二頭のミニホース(ロバくらいの小型馬)が我が家にやって来たのは、もうかれこれ10年も前になるだろうか。
鶏舎の間にある空き地に小屋を作りいつもは放し飼いにしてある。
馬の餌は朝晩二回牧草、ふすま、アルファルファのペレットなどを与える、あとは桶に水を切らさなければ大丈夫。
雨が降ろうが雪になろうが勝手に好きなところで過ごしている、丈夫なものだ。

世話は娘のKと朝晩手分けしてきたが、その娘が横浜へ移動してしまったので弱ったことになった。
あれこれ思案の末、知り合いの観光農園を経営する酪農家に二頭そろって引き取ってもらうことにした。
いざ別れるとなると、急に淋しくなったりした。
この二頭は雄雌で、あわよくば子馬を増やして一儲けしようと企んだが見事に失敗した。

10年間いっこうに子馬の産まれる気配がない。
正確に言うと牡馬はいつでもやる気満々で、彼女に仕掛けるのだがどうも上手くいかない、見ている方がイライラさせられてしまう。
しまいには彼女が嫌がって彼を蹴飛ばしたりする。
無理な品種改良を続けると繁殖能力が落ちるのか、我が家の彼が特別下手くそなのかわからない。
そのくせ予防注射の時など二頭を引き離すと、お互いに泣き叫んでまことに仲がよろしい。

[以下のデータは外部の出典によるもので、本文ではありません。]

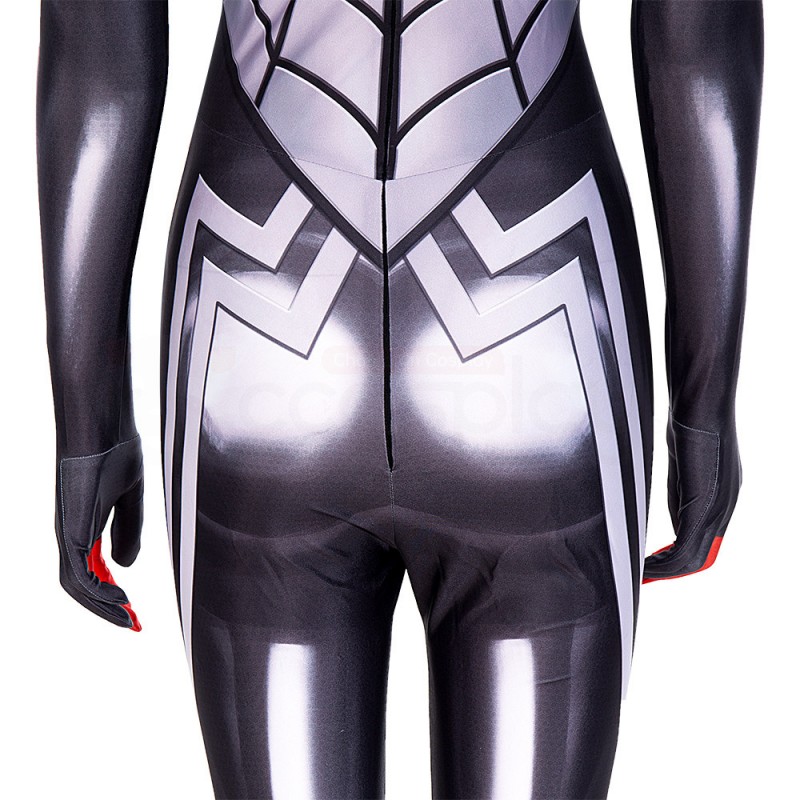 Silk Cindy Moon Cosplay Costume Women Spider-Man Jumpsuit
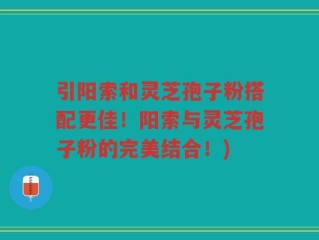 引阳索和灵芝孢子粉搭配更佳！阳索与灵芝孢子粉的完美结合！)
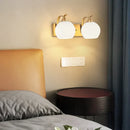 GobekUsa Brass Glass Wall Sconce Lighting, Classic Nordic Loft Interior Fixture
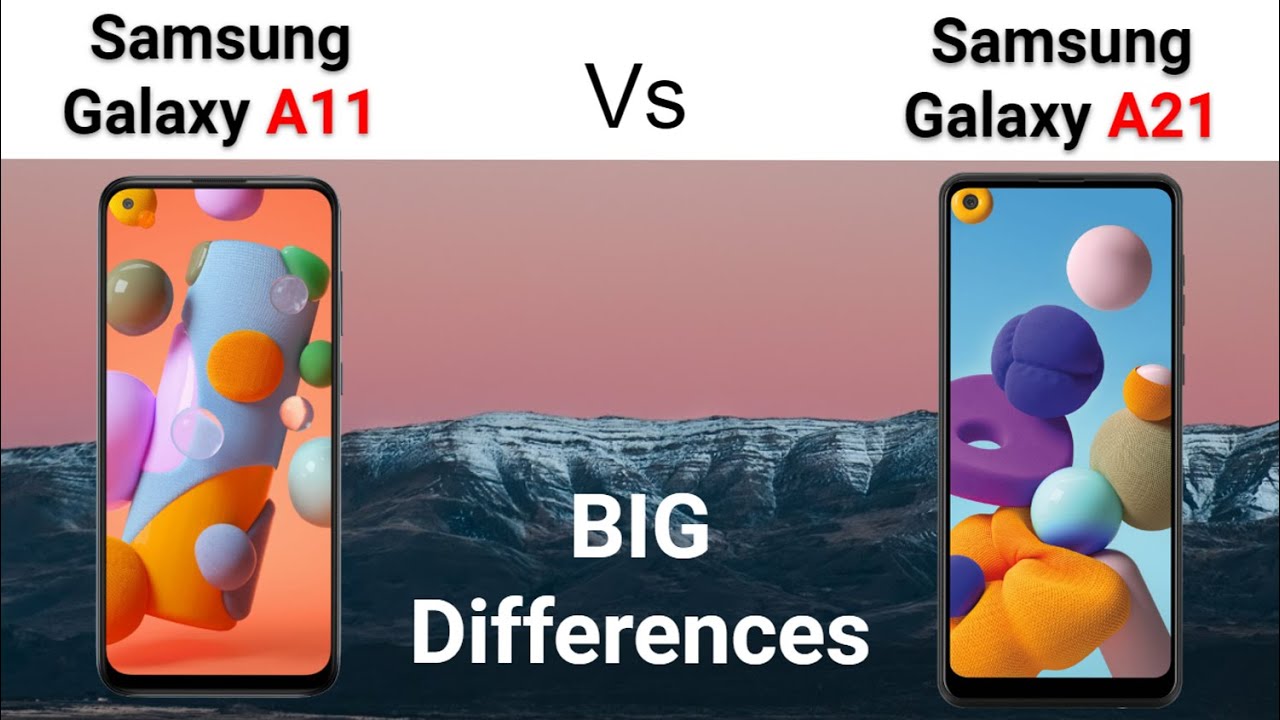 Samsung Galaxy A11 vs Galaxy A21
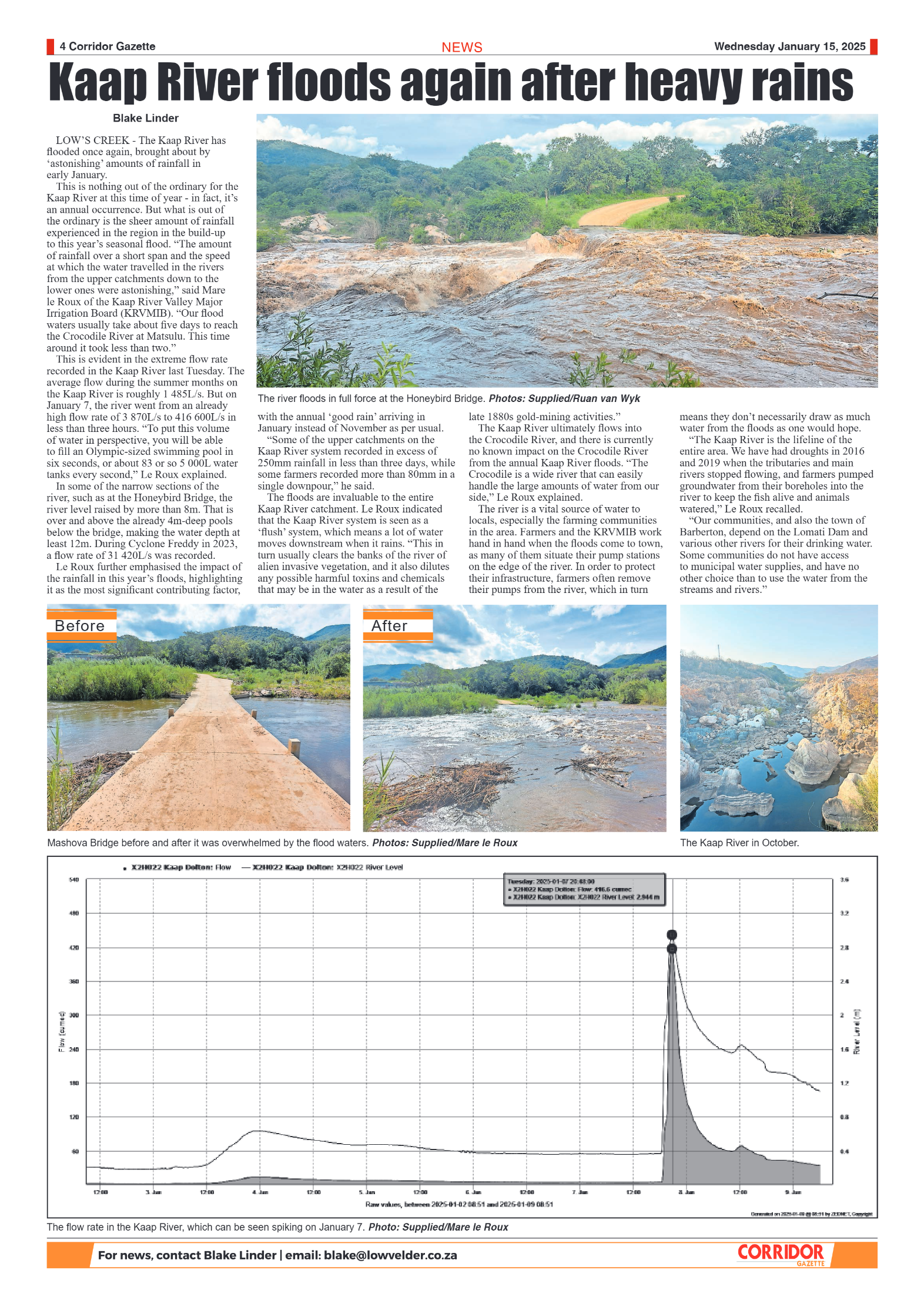 Corridor Gazette 15 January 2025 page 4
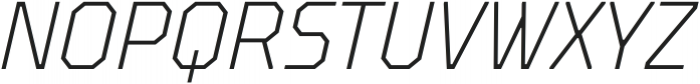 TT Octosquares Condensed Thin Italic otf (100) Font UPPERCASE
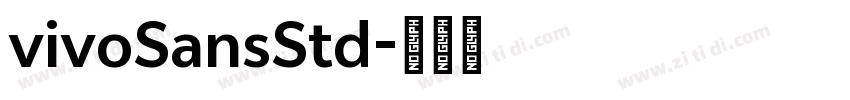 vivoSansStd字体转换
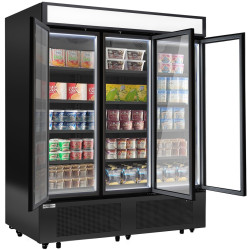 Vitrina congelator pentru supermarket GGM Gastro TKSU891 (Black) Thumb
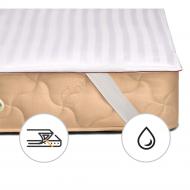 Наматрасник шелковый MirSon DeLuxe Silk 299 водонепроницаемый с резинкой по углам 26х200x220 см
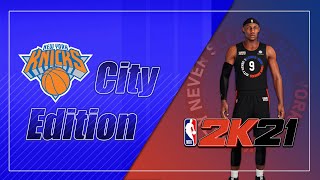 New York Knicks City Jersey in NBA 2K21 [upl. by Worth]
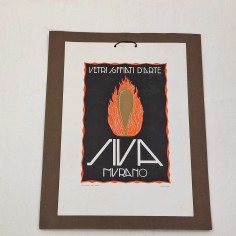 Poster locandina Vetri Soffiati d'Arte SIVA Murano - Giovanni Guerini 1928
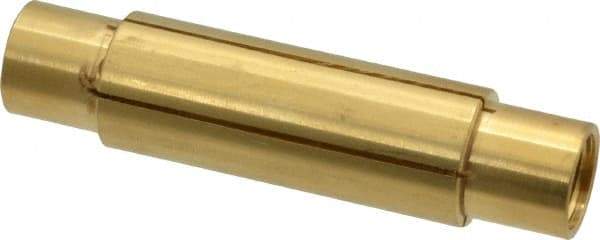 Made in USA - 3/4" Diam Through Hole Barrel Cylinder - 3" Barrel Length, Eccentric Slot - Americas Industrial Supply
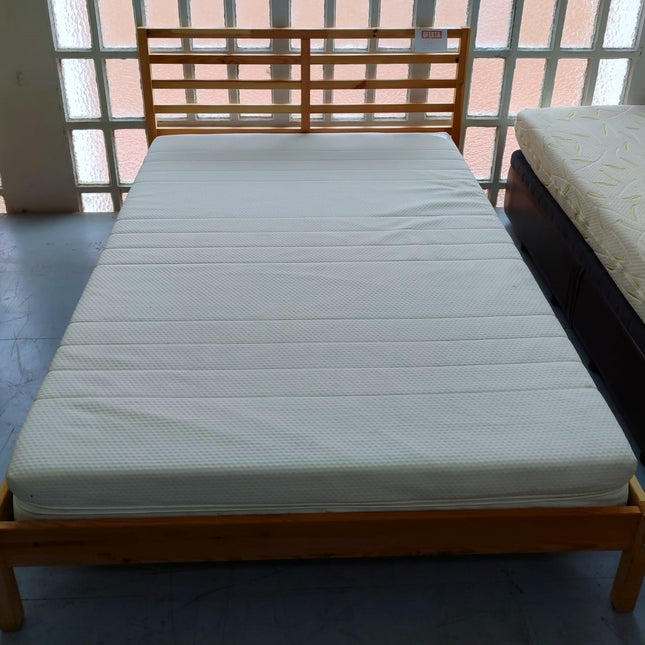 CAMA DOBLE "TARVA" CON COLCHÓN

元気の良い二頭は時々柵をやぶって逃げ出した、普通は放っておけば餌場のある元の場所に帰ってくると思われるが我が家の彼らはそうではない、方向音痴でとんでもない所ヘどんどん行ってしまう。
畑に作物がある時などは悲劇である、畑の美味しいご馳走を腹一杯に食べてくる、あとで謝りに歩くのも一仕事であった。
十年ちかく生活を共にしていると、それはなにか日常リズムの一部になっているようだ。
散々てこずらした彼らであるが、いざ居なくなって見るとポッカリ穴があいたようだ。